What is it to forget that p? A simple analysis is that S forgets that p iff at one time S knows that p, and at a later time, S does not know that p. But this can’t be right, for the following four reasons.
If at t1, S knows that p, and at t2, S is dead, so knows nothing, S has not forgotten that p.
At t1, George knows that he has hands. At t2, he reads the Meditations, and starts to doubt that he has hands. That is, he no longer believes he has hands. He doesn’t any more know that he has hands, but nor has he forgotten that he has hands.
At t1, John knows that the New Deal substantially lowered unemployment. At t2, John reads a newspaper column, in a usually reliable newspaper, saying that this was not true. With his new evidence, he now (quite reasonably) doubts that the New Deal substantially lowered unemployment. So he does not know this. But nor has he forgotten it.

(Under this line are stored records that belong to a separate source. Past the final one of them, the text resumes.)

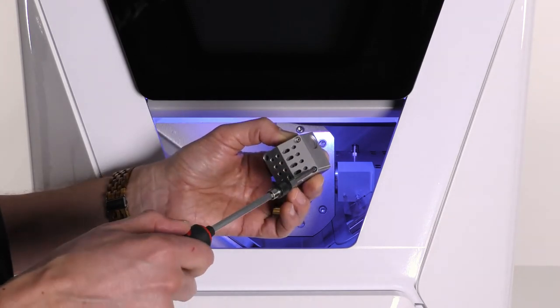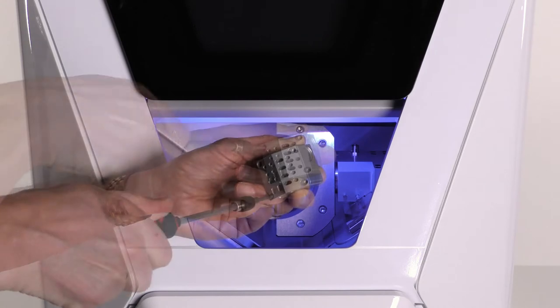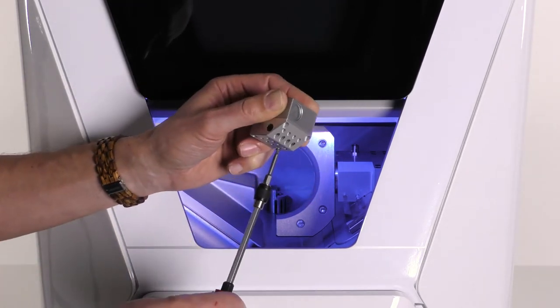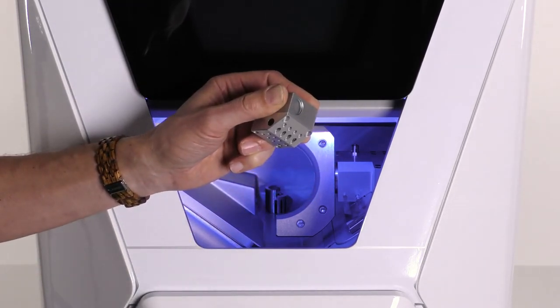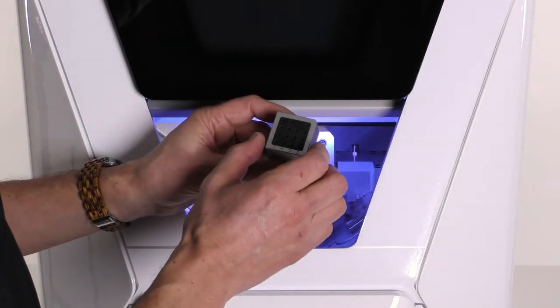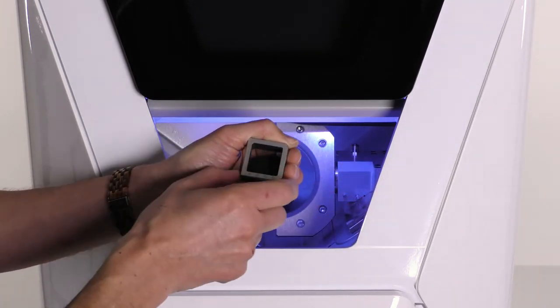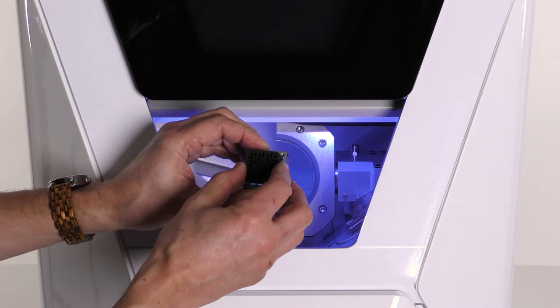For the R5, unscrew the four screws on the bottom side of the tool magazine. For the N4 Plus, unscrew the two screws shown on the illustration. Lift the cover off the tool magazine, remove the existing tool magazine insert, and replace it with a new one.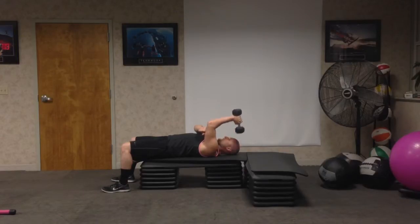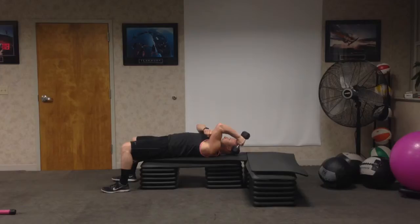When I point that elbow up and extend up, I get a little break at the top and the tricep isn't really under tension. Whereas if I bring that dumbbell back overhead and angle down, I'm going to get tension at the top of the contraction as well as at the bottom.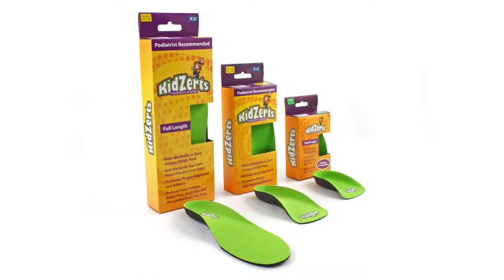Kids Earth's children's insoles have exceptional features for young growing feet and are podiatrists recommended to help improve posture, balance, alignment, and comfort.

At t1, Paul knows that his meeting is scheduled for 2pm. At t2, he gets an email (falsely) saying that the meeting has been moved to 3pm. Paul glances at the email, but doesn’t take in what it says. So he still believes that the meeting is at 2pm. Nevertheless, he doesn’t know this, for the email is a defeater for his knowledge. But nor has he forgotten the time of the meeting.
That seems to dispose of the simple theory fairly conclusively. But is there anything we can put in its place?